Fast forward a little more than a year, to January 8, 2011.  In Tucson, Arizona, a 22 year-old man named Jared Lee Loughner opened fire at a political event, gravely wounding Rep. Gabrielle Giffords, killing a federal judge and five others, and wounding 18.  In the hours after the attack, little was known about Loughner beyond some bizarre and largely incomprehensible YouTube postings that, if anything, suggested he was mentally ill.  Yet the network that had shown such caution in discussing the Ft. Hood shootings openly discussed the possibility that Loughner was inspired to violence by…Sarah Palin.  Although there is no evidence that Loughner was in any way influenced by Palin, CNN was filled with speculation about the former Alaska governor.
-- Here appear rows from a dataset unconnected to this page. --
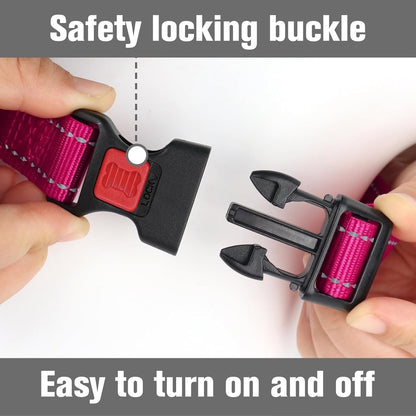 Joytale Martingale Collar for Dogs, Escape Proof No Pull, Hotpink, M | Gentle Cinch Stops Pulling without Choking, Safety Lock Buckle, Reflective Stitching for Night Walks, Soft Nylon5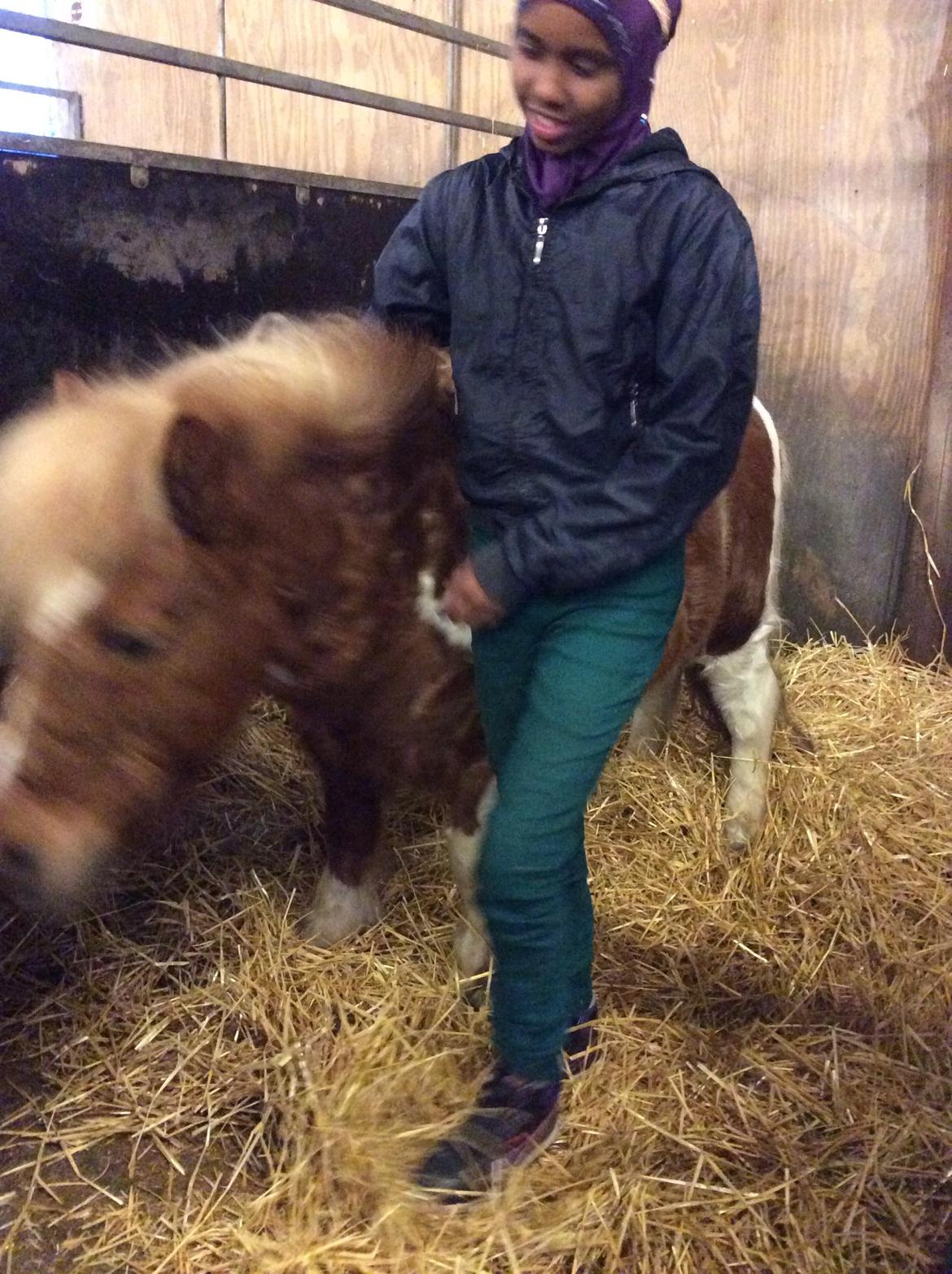 Shetlænder Lukas billede 17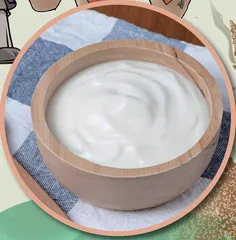 神奇微生物:从发酵食品到青霉素3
After reporting that Pima County Sheriff Clarence Dupnik had condemned what Dupnik called “the vitriol that comes out of certain mouths about tearing down the government,” CNN’s Wolf Blitzer turned to congressional reporter Jessica Yellin for analysis.  The sheriff “singled out some of the political rhetoric, as you point out, in creating the environment that allowed this kind of instance to happen,” Yellin told Blitzer.  “Even though, as you point out, this suspect is not cooperating with investigators, so we don’t know the motive.  President Obama also delivered that message, saying it’s partly the political rhetoric that led to this.”


Glenn Reynolds went farther (and I have to confess I agree with his assessment):



There’s a climate of hate out there, all right, but it doesn’t derive from the innocuous use of political clichés. And former Gov. Palin and the tea party movement are more the targets than the source.


As another piece in the Wall Street Journal observes Jared Lee Loughher, who is being held for the shooting, is a mentally disturbed man who “joins Sirhan Sirhan, John Hinckley Jr. and many others whose derangement led them to horrible acts of violence.” Still, I have to confess that when I heard the news, I had a knee jerk reaction: Please, don’t let there be anything in the shooter’s history that gives any reason to tie him to the Tea Party. But of course there didn’t have to be anything. Those who would seize upon the tragedy to shut down discourse didn’t need evidence. But you know what? More and more people are catching onto this tactic. There are too many of us who know that we are sympathetic to,  say, the Tea Party and that we are not at all like the media portrays us. We’re not falling for it anymore. 


I am every bit as sad about the Tucson shootings as my Georgetown friend. But I know whom to blame: the shooter. But if there were a terrible earthquake in China, my friend could probably find a way to blame Sarah Palin.